Since my last post of things I'll miss about Beijing when I leave, I've taken note of a bunch more:

7: Cheap Shopping
Many of the things I've been posting about mention the relatively low costs. Shopping is no exception. Seasonal foods cost next to nothing when they are in season. We've been buying watermelon almost every day for around 0.50USD each.

But what is REALLY cool is the clothes markets. If you are okay with knock-offs, you can be armani-clad for a few dollars. Since I've been here I've had four bespoke suits tailored for me (two were made in Thailand - shout outs to Tom and Caitlin for their gracious hospitality, again). I bought a pair of leather versace shoes and countless tshirts and other textiles. I plan to do a bunch more shopping before I leave.

8: Bargaining
Though this also relates to money, I love how different bargaining culture is here. In the US, there are very few times in which one can bargain. Best I can tell, excepting business negotiations, in professional settings, it is limited to real estate and automobile purchases. I've also seen bargaining at informal marketplace settings (flea markets, dirt markets, peddlers' markets, etc).

In China, bargaining is a way of life. The only places you DON'T bargain are department stores or supermarkets. Individual free standing stores are almost always up for it. Especially street stands and vendors, but also clothes stores and more!

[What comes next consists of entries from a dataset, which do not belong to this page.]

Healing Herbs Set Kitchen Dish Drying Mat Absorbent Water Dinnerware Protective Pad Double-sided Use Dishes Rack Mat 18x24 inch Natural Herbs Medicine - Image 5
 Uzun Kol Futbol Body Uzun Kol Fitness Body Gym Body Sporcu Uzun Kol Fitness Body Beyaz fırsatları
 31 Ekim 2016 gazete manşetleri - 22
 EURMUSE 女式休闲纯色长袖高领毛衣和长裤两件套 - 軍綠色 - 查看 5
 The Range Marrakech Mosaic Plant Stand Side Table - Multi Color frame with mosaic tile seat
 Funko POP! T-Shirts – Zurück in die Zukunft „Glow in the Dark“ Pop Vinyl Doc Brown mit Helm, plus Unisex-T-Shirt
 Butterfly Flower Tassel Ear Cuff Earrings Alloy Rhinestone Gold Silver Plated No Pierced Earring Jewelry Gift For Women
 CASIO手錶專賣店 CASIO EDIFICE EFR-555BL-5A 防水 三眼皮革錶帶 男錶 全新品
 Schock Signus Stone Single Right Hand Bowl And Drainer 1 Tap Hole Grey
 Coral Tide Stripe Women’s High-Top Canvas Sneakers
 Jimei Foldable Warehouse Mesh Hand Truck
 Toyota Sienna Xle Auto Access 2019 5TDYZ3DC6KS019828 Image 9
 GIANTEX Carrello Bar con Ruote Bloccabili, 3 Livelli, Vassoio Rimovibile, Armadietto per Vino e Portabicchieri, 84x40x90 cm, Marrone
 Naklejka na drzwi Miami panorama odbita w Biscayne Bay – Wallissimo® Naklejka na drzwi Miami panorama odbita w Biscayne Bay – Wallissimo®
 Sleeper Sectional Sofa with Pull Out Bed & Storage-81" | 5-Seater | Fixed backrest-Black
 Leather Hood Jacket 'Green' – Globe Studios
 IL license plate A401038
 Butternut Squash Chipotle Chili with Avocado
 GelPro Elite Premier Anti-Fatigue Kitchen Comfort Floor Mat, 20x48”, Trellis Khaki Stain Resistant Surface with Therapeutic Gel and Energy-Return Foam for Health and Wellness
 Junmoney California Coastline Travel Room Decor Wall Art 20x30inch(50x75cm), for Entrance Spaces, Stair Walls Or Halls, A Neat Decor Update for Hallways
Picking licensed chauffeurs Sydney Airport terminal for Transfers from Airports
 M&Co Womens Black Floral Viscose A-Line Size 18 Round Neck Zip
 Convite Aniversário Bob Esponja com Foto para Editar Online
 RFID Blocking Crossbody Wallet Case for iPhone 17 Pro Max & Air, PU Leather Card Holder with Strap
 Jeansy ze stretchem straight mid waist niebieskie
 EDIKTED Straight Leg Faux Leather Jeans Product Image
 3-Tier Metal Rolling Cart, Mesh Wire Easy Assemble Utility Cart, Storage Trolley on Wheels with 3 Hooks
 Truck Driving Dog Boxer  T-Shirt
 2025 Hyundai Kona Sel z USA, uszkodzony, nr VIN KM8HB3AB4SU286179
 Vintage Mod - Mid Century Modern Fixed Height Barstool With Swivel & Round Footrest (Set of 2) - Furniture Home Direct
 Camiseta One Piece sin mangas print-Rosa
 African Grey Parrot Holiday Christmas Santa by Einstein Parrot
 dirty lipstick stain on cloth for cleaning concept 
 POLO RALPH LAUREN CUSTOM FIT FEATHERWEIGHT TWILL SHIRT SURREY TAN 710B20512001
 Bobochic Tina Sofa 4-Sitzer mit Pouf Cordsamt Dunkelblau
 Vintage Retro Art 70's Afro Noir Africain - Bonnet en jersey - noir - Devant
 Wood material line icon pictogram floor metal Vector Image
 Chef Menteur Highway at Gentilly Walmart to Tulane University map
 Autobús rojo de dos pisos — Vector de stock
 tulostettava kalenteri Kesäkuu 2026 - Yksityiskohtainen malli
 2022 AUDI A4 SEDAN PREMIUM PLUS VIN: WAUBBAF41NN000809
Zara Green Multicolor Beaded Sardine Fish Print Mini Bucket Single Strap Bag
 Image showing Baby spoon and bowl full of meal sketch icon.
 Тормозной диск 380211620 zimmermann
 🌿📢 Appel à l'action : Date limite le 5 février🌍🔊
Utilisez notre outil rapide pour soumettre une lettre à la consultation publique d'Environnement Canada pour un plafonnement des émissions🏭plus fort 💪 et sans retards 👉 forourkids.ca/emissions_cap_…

If a price is too high, offer less. If the vendor is offended, that is the end of the conversation. More likely, he'll feign offense and when you start to walk away, he'll lower his price.

9: Random Energy Conservation Techniques:
All the hallways in our building have "clappers". This means lights are only on when the "clapper" thinks someone is walking in the hall.

Our aircon (I like calling air conditioners aircons now) has a default setting of "on for one hour". This sounds annoying, but is surprisingly practical. You turn it on while you fall asleep and then it goes off once you are asleep. You wake up sweaty - but c'mon, that was going to happen anyway.

Buses turn off their engines at red lights and during traffic jams. Everyone should be doing this, and I think its pretty cool that Beijing has informed their drivers how to save fuel and pollute less.

A cottage industry has sprung up around recycling - much more than a few homeless people claiming trash can territory. There is a fairly organized, independant recycling collection service going on. It's common that I take out our trash in the morning and by mid-day, someone has come into the stairwell to take out all recyclables (including cardboard).

Maybe I've been paying too much attention to environmental stuff lately because of Veronica's program, or because of how filthy the air is here, but these little things make me happy.

10: Witnessing History:
There is so much happening in China right now. Whether it is Shanghai hosting the first Pride Parade in China (this weekend), or the construction of the Three Gorges Dam (Veronica got to go!), there is always something happening.

three gorges dam

Construction and development are growing at such a rapid clip, its overwhelming. I've stopped walking to count construction cranes within sight and the most I've seen has been 21. Its normal to see a dozen. I've heard that something like 75% of construction cranes in the world are here.

11: My Building Complex Has 11,000 Residents:
When my parents were here, I was showing them the huge variety of commercial establishments in the vicinity of our apartment. We decided to figure out how many people lived in the area. Wikipedia says that Beijing has roughly 7,000 inhabitants per square Km, but our complex is more densly populated than that.

We live in one three-towered building in a complex that has 11 towers. By our estimates, each tower has roughly 1,000 residents - assuming 90% of units full and 3.3 residents per unit (one child and some grandparents - an average urban Chinese household). There are 11,000 people living in the square 1/4 Km that is our "compound". No wonder we have our own gym with diving facilities, supermarket, movie theatre, dry cleaner, coffee shop and three hair dressers.